Die EU-Kommission inspiziert derzeit den Spothandel mit Edelmetallen. Der Goldpreis sinkt seit vier Jahren. Das beunruhigt die Anleger. Doch Experten glauben nicht an künstliche Eingriffe.

Von Katharina Wetzel

Schon mein ganzes Leben lang habe ich seine Farbe geliebt, seinen Glanz, seine göttliche Schwere", erklärt Gert Fröbe alias Goldfinger im gleichnamigen James-Bond-Film. Das gelbe Edelmetall übt seit jeher eine besondere Anziehungskraft aus. Doch Goldanhänger sind zunehmend beunruhigt. Seit vier Jahren ist der Goldpreis nun schon im Sinkflug. Sind da vielleicht geheime oder dunkle Mächte à la Goldfinger im Spiel? Ganz abwegig sind solche Überlegungen nicht. Die EU-Kommission nimmt derzeit den Goldmarkt ins Visier. Ricardo Cardoso, wettbewerbspolitischer Sprecher der Europäischen Kommission, bestätigte der Süddeutschen Zeitung, dass man aktuell mögliches wettbewerbsfeindliches Verhalten im Spothandel mit Edelmetallen untersuche.
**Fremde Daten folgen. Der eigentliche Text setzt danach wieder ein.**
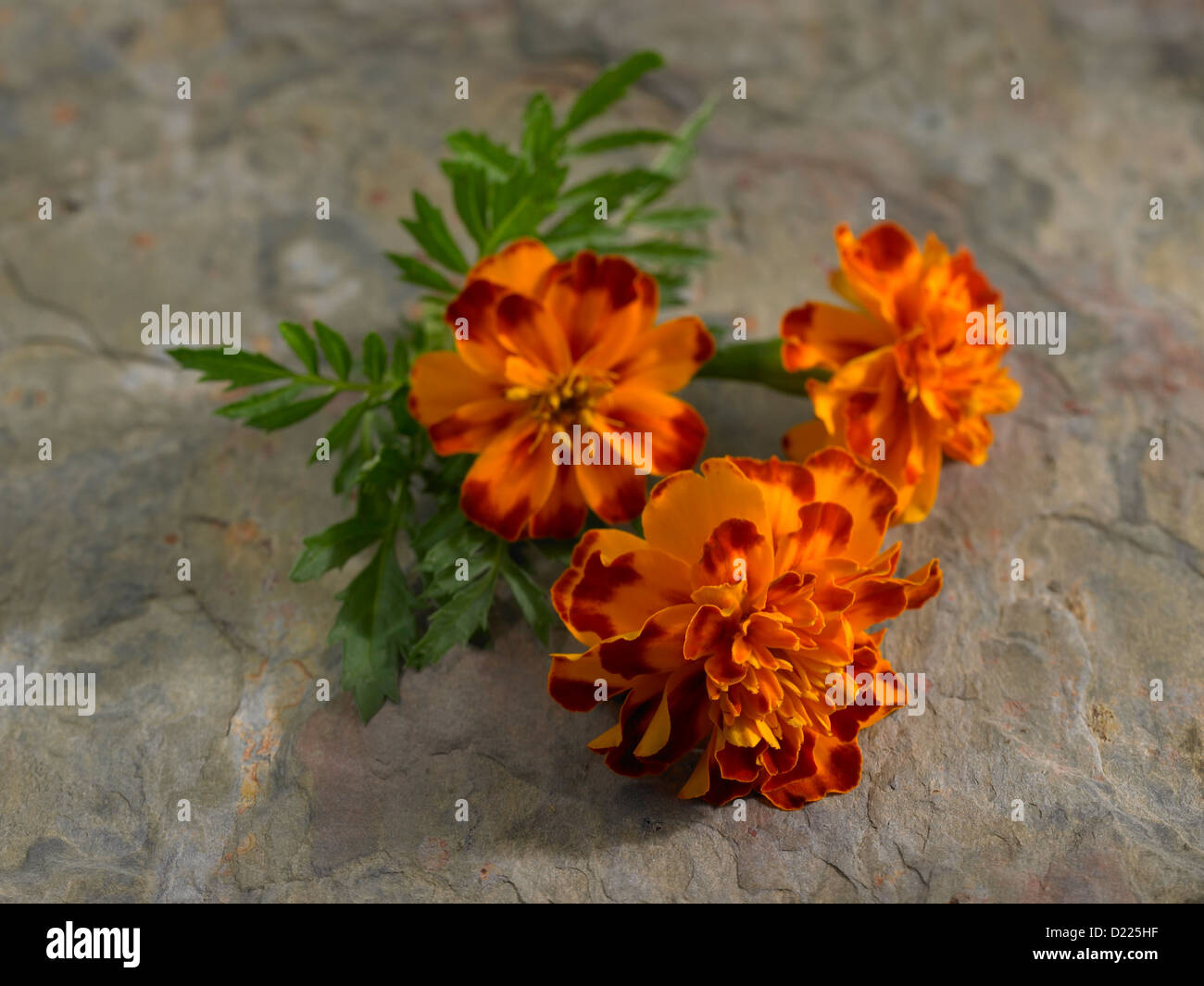 Marigold flower Stock Photo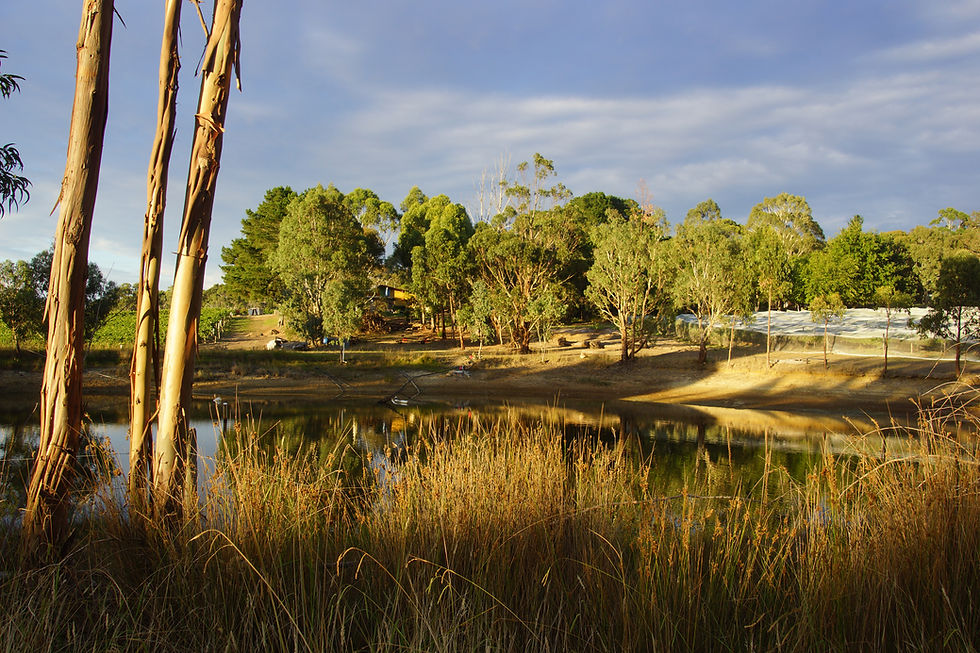 Discover the hidden gem of South Australia at Magpie Springs, a charming winery south of Adelaide and a standout winery on the Fleurieu Peninsula. Perfectly positioned as a winery near Willunga, winery Willunga Hill, and winery near McLaren Vale, this boutique winery between Willunga and Meadows sits at the winery Adelaide Hills southern end. It's an ideal winery close to Aldinga Beach, winery near Sellicks Beach, and part of the winery Kangarilla Road wine region—making it a relaxing winery day trip from Adelaide or winery close to Adelaide for locals and visitors alike. Explore this winery near Mount Compass along the winery Fleurieu wine trail, where scenic views and premium wines await in a true hidden gem south Australia.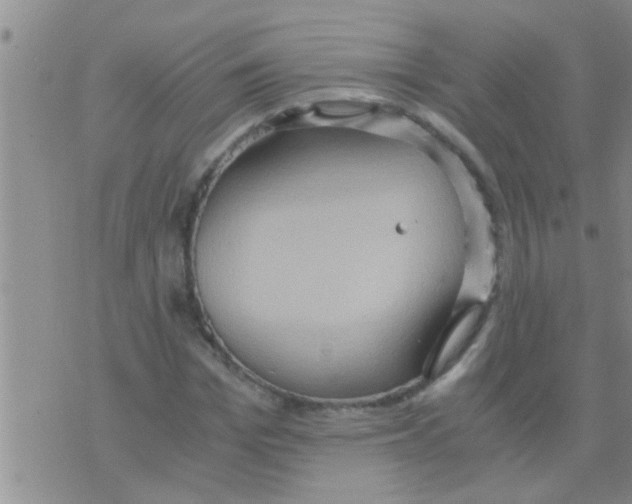 X0000075890969200610151747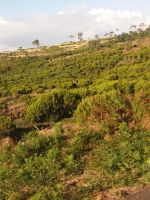 Landschaft um den Pico do Arieiro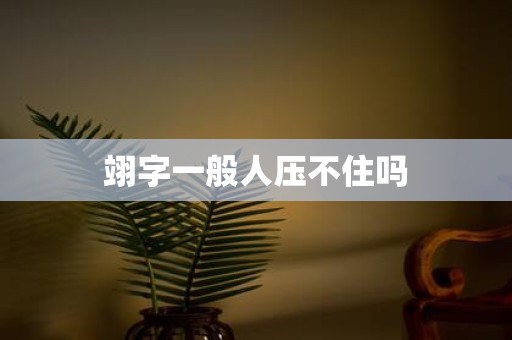 翊字一般人压不住吗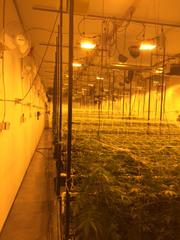 A large marijuana growing operation found in Compton is seen in a photo provided by LASD on Sept. 28, 2016.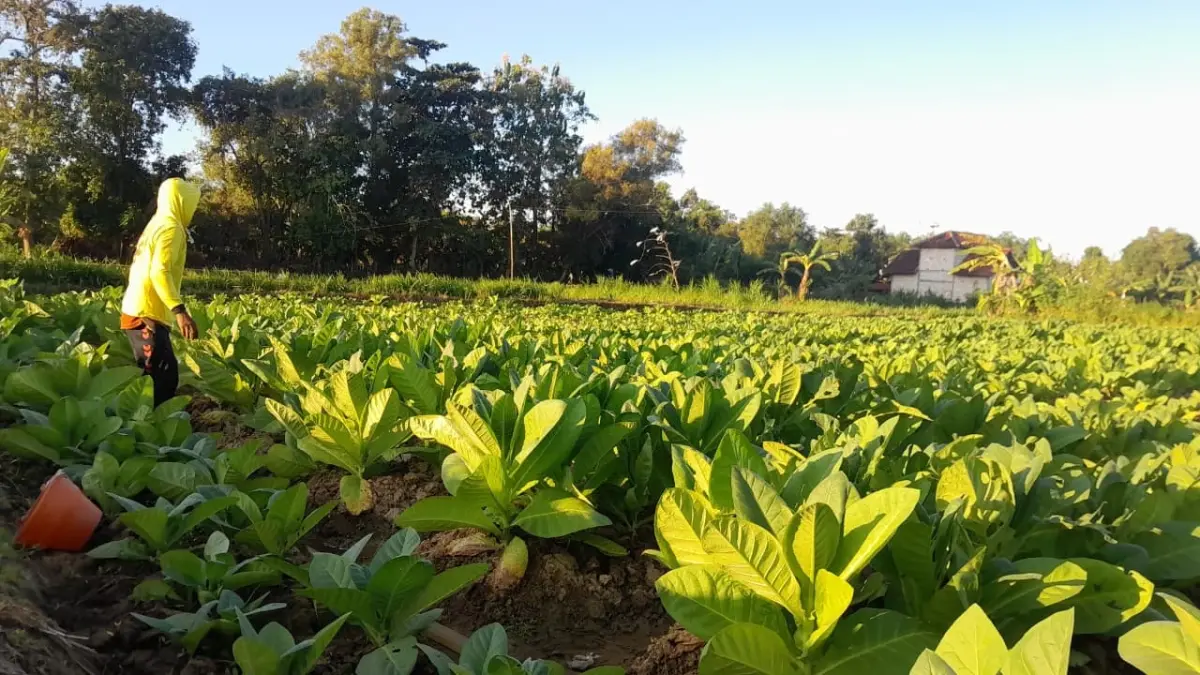 DAUN EMAS: Seorang petani sedang memupuk tanaman tembakau di Kelurahan Bugih, Pamekasan, Sabtu (6/6).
Den Verdacht auf Preismanipulation haben Goldanleger schon seit Längerem. 2011, als die Sorge um Griechenland und ein Auseinanderbrechen des Euro entbrannte, kletterte der Goldpreis auf mehr als 1900 US-Dollar je Feinunze. Mittlerweile liegt er bei 1137 US-Dollar. Hinter dem Preissturz vermuten Goldfreunde ein böses Spiel. Die einen glauben, Zentralbanken und Regierungen würden den Goldpreis künstlich niedrig halten. Die anderen haben Finanzinstitute im Verdacht. So musste 2014 die britische Bank Barclays und einer ihrer Händler für die Manipulation des Goldpreises eine Strafe zahlen.

Die Möglichkeiten zur Manipulation seien geringer als beim Libor, sagen Experten

Der Goldpreis wurde jahrzehntelang in einem recht intransparenten Verfahren unter fünf Großbanken ausgemacht - per Telefonkonferenz zwei Mal am Tag. Seit diesem Frühjahr wird das sogenannte Goldfixing elektronisch bestimmt. Die Deutsche Bank hat sich bereits Anfang 2014 freiwillig aus dem Goldfixing zurückgezogen.

Von einer möglichen Manipulation des Goldfixing wären in erster Linie etwa Erträge von Minenbetreibern, Goldhändlern, Juwelieren oder Zentralbanken betroffen. Für Zertifikateanleger spielt das Goldfixing etwa dann eine Rolle, wenn ein Produkt fällig wird. Dann wird als Berechnungsbasis für die Rückzahlung oft das Goldfixing zugrunde gelegt. Für Investoren ist dieser Wert jedoch nicht das Maß aller Dinge. "Die meisten Zertifikate haben die Feinunze Gold zum Basiswert", sagt Dominik Auricht, Anlageexperte der Hypo-Vereinsbank. Die Feinunze wird rund um die Uhr außerbörslich gehandelt. Der Preis für eine sofortige Lieferung, auch Spotpreis genannt, kann sich sekündlich ändern.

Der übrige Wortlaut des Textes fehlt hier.